On appeal from the Superior Court of New Jersey, Law Division, Essex County, Docket No. SVP-78-00.
NOT FOR PUBLICATION WITHOUT THE APPROVAL OF THE APPELLATE DIVISION
Before Judges Cuff and Baxter.
L.G. appeals from the May 22, 2006 order continuing his commitment to the Special Treatment Unit (STU) as a sexually violent predator under the Sexually Violent Predator Act (SVPA), N.J.S.A. 30:4-27.24 to -27.38. L.G. was initially committed to the STU on May 22, 2000. L.G.'s commitment has been reviewed and continued on five prior occasions.
The predicate offenses are two convictions for aggravated sexual assault, in violation of N.J.S.A. 2C:14-2(a)(1), and one conviction for sexual assault, in violation of N.J.S.A. 2C:14-2(b), resulting from a 1997 guilty plea. The three female victims ranged in age from three to twelve, and all were the granddaughters of L.G.'s girlfriend. The fourth victim was a nine-year-old male whom L.G. met when he was painting the victim's parents' home.
The May 18, 2000 petition for commitment as a sexually violent predator described the offenses pertaining to each victim. As to the first victim, A.A., L.G. committed vaginal penetration when A.A. was between the ages of nine and twelve. On one occasion, after A.A. attempted to push him away, L.G. called her a "fat pig" and "fatso" and then pushed his fist toward her mouth and teeth at the same time as he pushed her head down on the bed. When A.A.'s lip began to bleed, L.G. sucked the blood from her lip. He threatened to kill her grandmother if she told anyone what he had done. L.G. anally penetrated the second victim, M.L., when she was eight-years old, and in another incident forced her to perform fellatio. The third victim, J.L., was three-years old when L.G. grabbed and squeezed her vagina. The fourth victim, M.D., was nine-years old when L.G. pulled his bathing suit down and put M.D.'s penis in his mouth on five occasions over a period of two weeks. As a result of this conduct, L.G. was sentenced on May 9, 1997, to a term of six years imprisonment at the Adult Diagnostic and Treatment Center (ADTC) at Avenel, and was committed to the STU upon his release from Avenel.
An involuntary civil commitment can follow service of a sentence, or other criminal disposition, when the offender "suffers from a mental abnormality or personality disorder that makes the person likely to engage in acts of sexual violence if not confined in a secure facility for control, care and treatment." N.J.S.A. 30:4-27.26. "[T]he State must prove [a] threat [to the health and safety of others because of the likelihood of his or her engaging in sexually violent acts] by demonstrating that the individual has serious difficulty in controlling sexually harmful behavior such that it is highly likely that he or she will not control his or her sexually violent behavior and will reoffend." In re Commitment of W.Z., 173 N.J. 109, 132 (2002). The court must address "his or her present serious difficulty with control over dangerous sexual behavior," and the State must establish by clear and convincing evidence that it is highly likely that the person will re-offend. Id. at 133-34. See also In re Civil Commitment of J.H.M., 367 N.J. Super. 599, 607-08 (App. Div. 2003), certif. denied, 179 N.J. 312 (2004).

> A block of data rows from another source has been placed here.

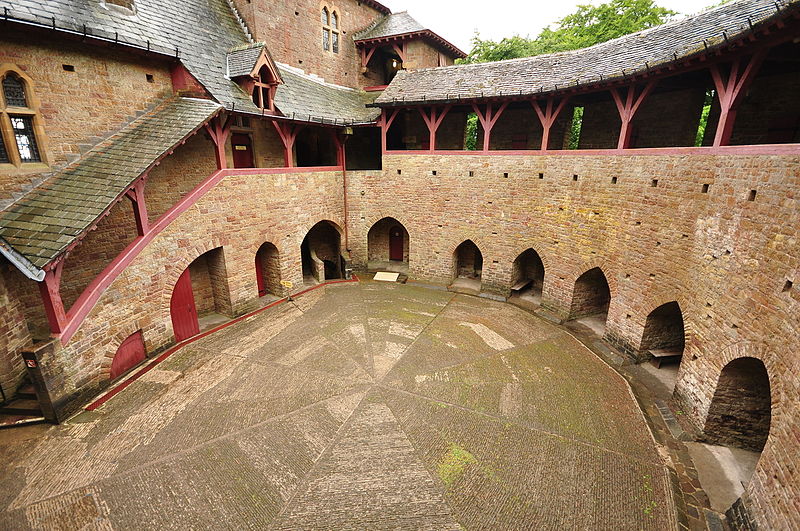 File:Castell Coch (4631).jpg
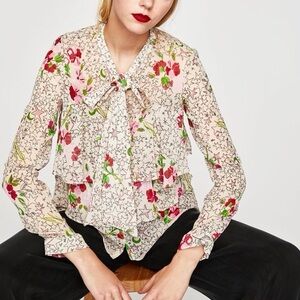 Zara Trafaluc Collection Stars And Flowers Blouse Top Ruffled Tie Neck Size XS
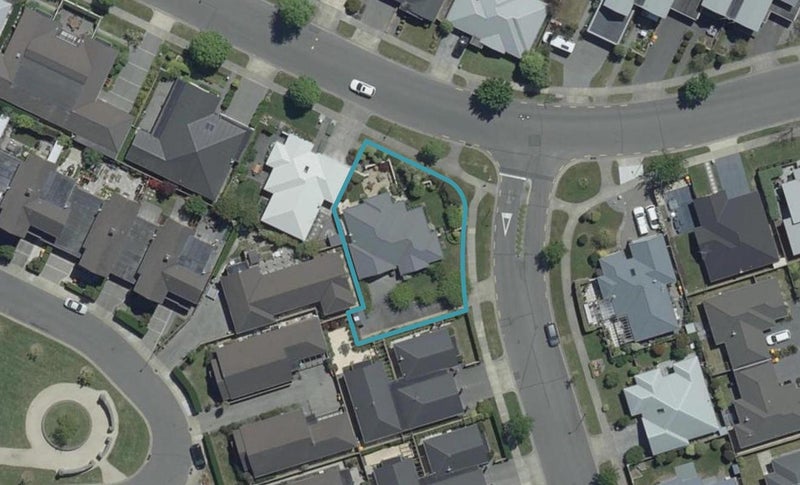 2 Saracen Avenue, Northwood, Christchurch - Carousel 1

Since commitment at the STU, L.G. has carried the following diagnoses: pedophilia (sexually attracted to boys and girls), polysubstance dependence in institutional remission, chronic post-traumatic stress disorder in substantial remission and rule out antisocial personality disorder.
In May 2006, Dr. Vivian Shnaidman, a psychiatrist, reported that the Static-99 measure was Moderate. At this level, L.G. is considered at a "low-risk of sexual reconviction." She observed that "if [L.G.] was now being screened for civil commitment, he would most likely not meet the criteria for initial referral." Despite those conclusions, Dr. Shnaidman opined that although L.G. has "accomplished much in sex-offender-specific treatment, [i]t is unclear . . . whether [L.G.] has addressed his sexual deviance in a systematic and meaningful way." Her May 18, 2006 report concluded that although L.G. had benefited from the treatment being provided at the STU, she saw "no evidence to convince [her] that he has benefited from treatment to such a degree that he is no longer highly likely to commit further acts of sexual violence if not in a supervised setting. . . . [L.G.] requires continued confinement to the Special Treatment Unit until such time that his re-offense risks can be reliably mitigated by supervised discharge."

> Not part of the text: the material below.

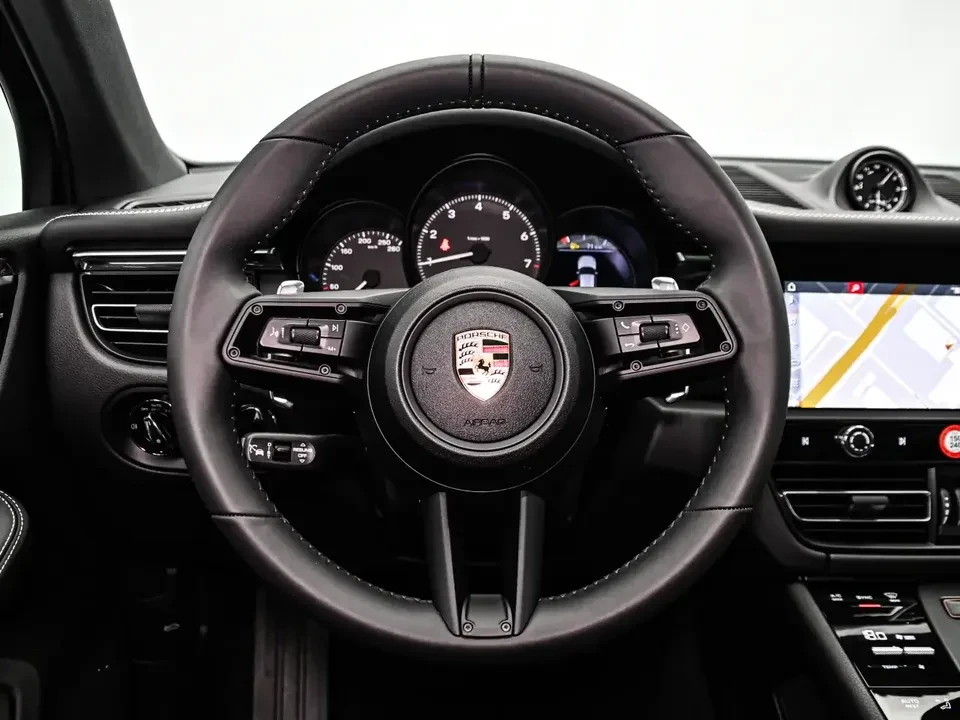 2025 Porsche Macan Electric - Image 16 of 20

At the May 22, 2006 hearing, Dr. Shnaidman testified that L.G.'s anti-social personality disorder, chronic alcohol abuse, history of pedophilia, and unwillingness to fully participate in therapy groups combined to predispose him to sexually reoffend. In particular, Dr. Shnaidman focused on L.G.'s antisocial personality disorder, defining it as "not caring about the rights of other people, and if you don't care about the rights of other people and you have deviant impulse, it's easy to act on that impulse because you don't really care what happens to the victim." Shnaidman also opined that L.G.'s substance abuse created an increased risk of reoffending because alcohol is a "disinhibitor" that "takes off the social control that most people have[,] . . . allow[ing] the underlying deviance to express itself."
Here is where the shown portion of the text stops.